== Source data

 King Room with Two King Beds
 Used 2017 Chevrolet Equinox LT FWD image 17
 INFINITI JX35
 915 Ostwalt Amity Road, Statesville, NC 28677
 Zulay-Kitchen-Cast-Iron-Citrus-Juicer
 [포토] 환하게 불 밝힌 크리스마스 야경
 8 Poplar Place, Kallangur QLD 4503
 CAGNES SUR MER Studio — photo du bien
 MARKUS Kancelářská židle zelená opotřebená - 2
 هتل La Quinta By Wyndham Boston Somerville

====
== Source data

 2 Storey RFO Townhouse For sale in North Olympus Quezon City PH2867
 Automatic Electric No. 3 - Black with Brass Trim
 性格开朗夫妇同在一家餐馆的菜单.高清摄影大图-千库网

====
== Source data

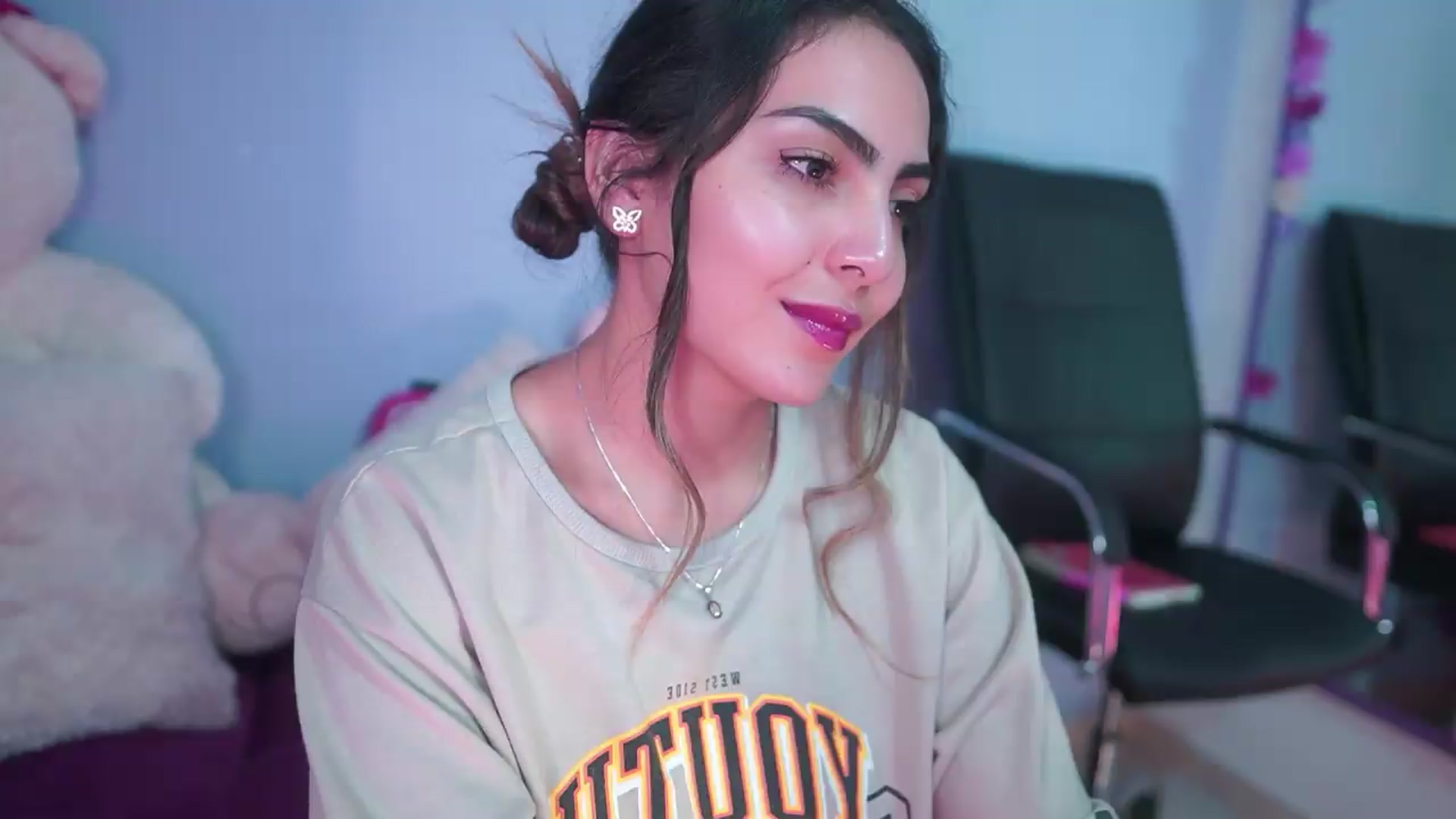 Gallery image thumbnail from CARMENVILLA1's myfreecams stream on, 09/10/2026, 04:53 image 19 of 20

====

Task to carry out:
Gather each line from the entries above that includes the word "with".

Task response:
 King Room with Two King Beds
 Automatic Electric No. 3 - Black with Brass Trim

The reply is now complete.